PyTorch Image Quality (PIQ) is not endorsed by Facebook, Inc.;
PyTorch, the PyTorch logo and any related marks are trademarks of Facebook, Inc.
PyTorch Image Quality (PIQ) is a collection of measures and metrics for image quality assessment. PIQ helps you to concentrate on your experiments without the boilerplate code. The library contains a set of measures and metrics that is continually getting extended. For measures/metrics that can be used as loss functions, corresponding PyTorch modules are implemented.
We provide:
- Unified interface, which is easy to use and extend.
- Written on pure PyTorch with bare minima of additional dependencies.
- Extensive user input validation. Your code will not crash in the middle of the training.
- Fast (GPU computations available) and reliable.
- Most metrics can be backpropagated for model optimization.

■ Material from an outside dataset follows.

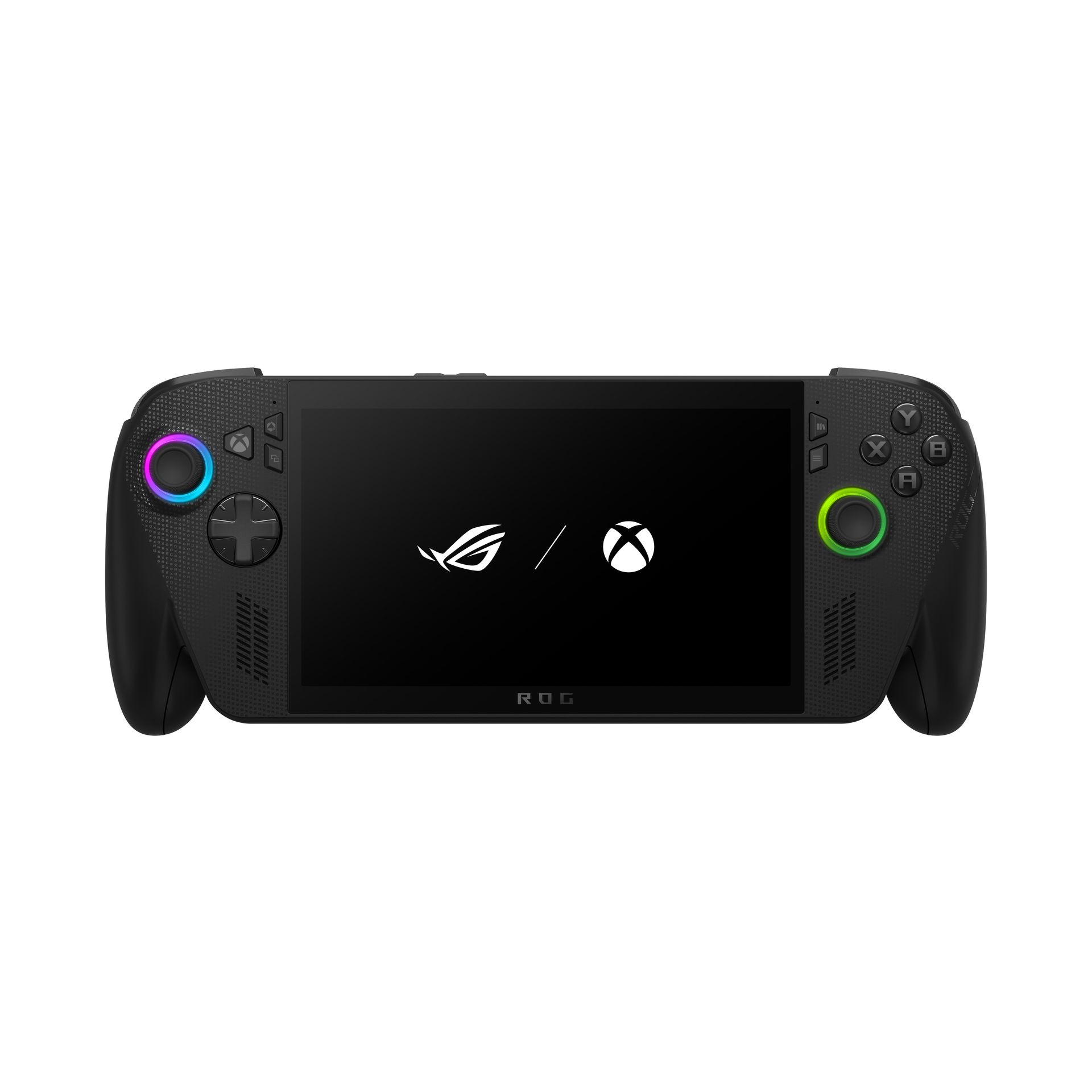 ROG Xbox Ally X — 상단 버튼과 포트 배치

- Supports python 3.7-3.10.
PIQ was initially named PhotoSynthesis.Metrics.
Installation
PyTorch Image Quality (PIQ) can be installed using pip
, conda
or git
.
If you use pip
, you can install it with:
$ pip install piq
If you use conda
, you can install it with:
$ conda install piq -c photosynthesis-team -c conda-forge -c PyTorch
If you want to use the latest features straight from the master, clone PIQ repo:
git clone https://github.com/photosynthesis-team/piq.git
cd piq
python setup.py install
Documentation
The full documentation is available at https://piq.readthedocs.io.
Usage Examples
Image-Based metrics
The group of metrics (such as PSNR, SSIM, BRISQUE) takes an image or a pair of images as input to compute a distance between them. We have a functional interface, which returns a metric value, and a class interface, which allows to use any metric as a loss function.
import torch
from piq import ssim, SSIMLoss
x = torch.rand(4, 3, 256, 256, requires_grad=True)

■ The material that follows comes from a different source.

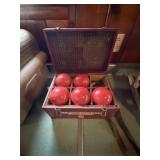 Case of Vintage Red Comet Fire Extinguishers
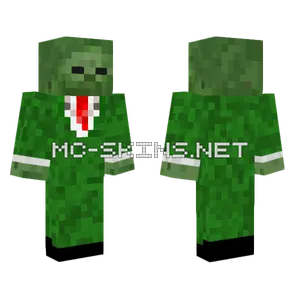 Zombie In A Suit Minecraft skin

y = torch.rand(4, 3, 256, 256)
ssim_index: torch.Tensor = ssim(x, y, data_range=1.)
loss = SSIMLoss(data_range=1.)
output: torch.Tensor = loss(x, y)
output.backward()
For a full list of examples, see image metrics examples.
Distribution-Based metrics
The group of metrics (such as IS, FID, KID) takes a list of image features to compute the distance between distributions.
Image features can be extracted by some feature extractor network separately or by using the compute_feats
method of a
class.
- Note:
compute_feats
consumes a data loader of a predefined format.
import torch
from torch.utils.data import DataLoader
from piq import FID
first_dl, second_dl = DataLoader(), DataLoader()
fid_metric = FID()
first_feats = fid_metric.compute_feats(first_dl)
second_feats = fid_metric.compute_feats(second_dl)
fid: torch.Tensor = fid_metric(first_feats, second_feats)
If you already have image features, use the class interface for score computation:
import torch
from piq import FID
x_feats = torch.rand(10000, 1024)
y_feats = torch.rand(10000, 1024)
msid_metric = MSID()
msid: torch.Tensor = msid_metric(x_feats, y_feats)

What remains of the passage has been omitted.